Background: Lynch syndrome (LS) screening methods include multistep molecular somatic tumor testing to distinguish likely-LS patients from sporadic cases, which can be costly and complex. Also, direct germline testing for LS for every diagnosed solid cancer patient is a challenge in resource limited settings. We developed a unique machine learning scoring model to ascertain likely-LS cases from a cohort of colorectal cancer (CRC) patients.
Methods: We used CRC patients from the cBioPortal database (TCGA studies) with complete clinicopathologic and somatic genomics data. We determined the rate of pathogenic/likely pathogenic variants in five (5) LS genes (MLH1, MSH2, MSH6, PMS2, EPCAM), and the BRAF mutations using a pre-designed bioinformatic annotation pipeline. Annovar, Intervar, Variant Effect Predictor (VEP), and OncoKB software tools were used to functionally annotate and interpret somatic variants detected. The OncoKB precision oncology knowledge base was used to provide information on the effects of the identified variants. We scored the clinicopathologic and somatic genomics data automatically using a machine learning model to discriminate between likely-LS and sporadic CRC cases. The training and testing datasets comprised of 80% and 20% of the total CRC patients, respectively. Group regularisation methods in combination with 10-fold cross-validation were performed for feature selection on the training data.

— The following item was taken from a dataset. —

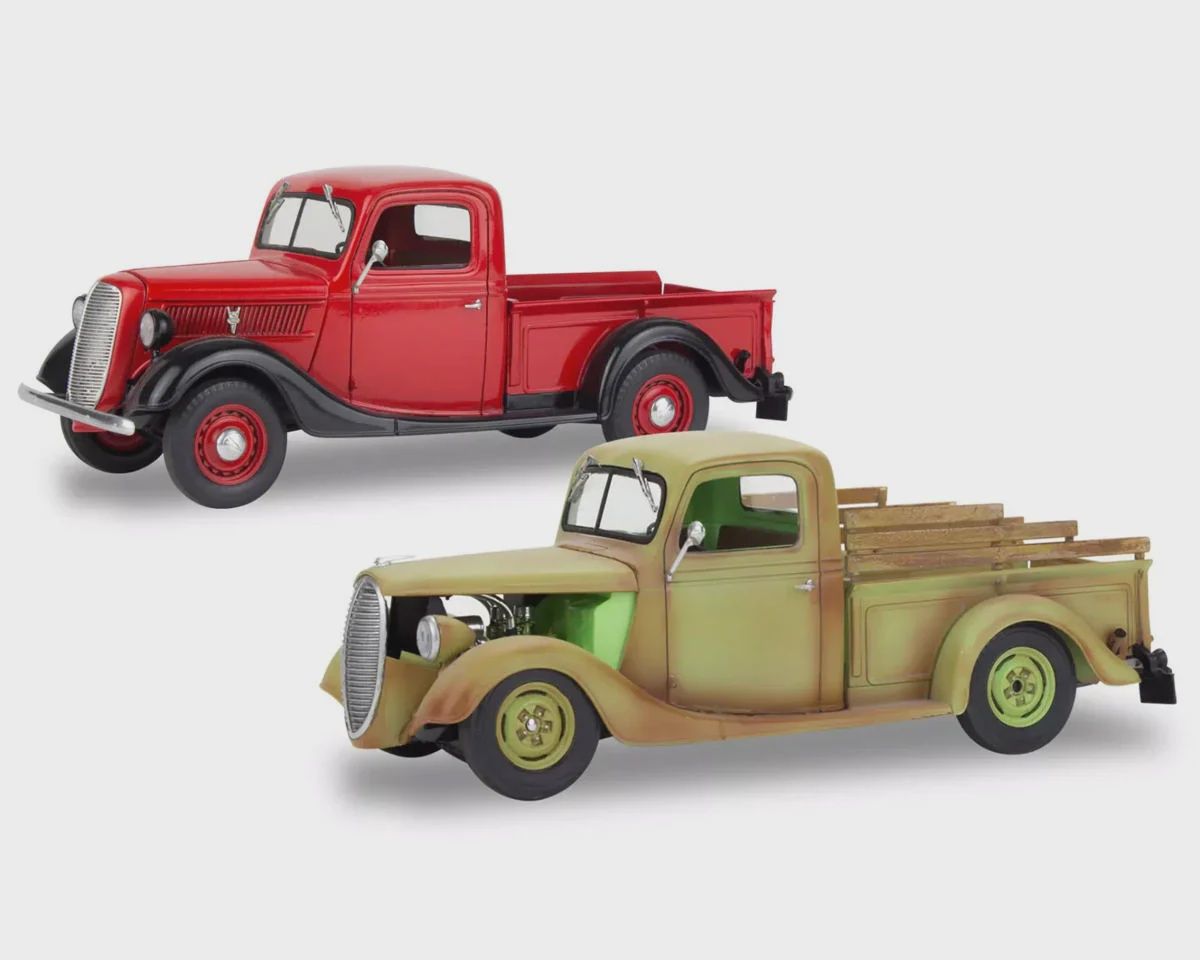 Revell 1/25 Scale 1937 Ford Pickup 2-in-1 Model Kit w/Surfboard (RMX85416)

Results: Out of 4800 CRC patients frorm the TCGA datasets with clinicopathological and somatic genomics data, we ascertained 524 patients with complete data. The scoring model using both clinicopathological and genetic characteristics for likely-LS showed a sensitivity and specificity of 100%, and both had the maximum accuracy, area under the curve (AUC) and AUC for precision-recall (AUCPR) of 1. In a similar analysis, the training and testing models that only relied on clinical or pathological characteristics had a sensitivity of 0.88 and 0.50, specificity of 0.55 and 0.51, accuracy of 0.58 and 0.51, AUC of 0.74 and 0.61, and AUCPR of 0.21 and 0.19, respectively.
Conclusions: Simultaneous scoring of LS clinicopathological and somatic genomics data can improve prediction and ascertainment for likely-LS from all CRC cases. This approach can increase accuracy while reducing the reliance on expensive direct germline testing for all CRC patients, making LS screening more accessible and cost-effective, especially in resource-limited settings.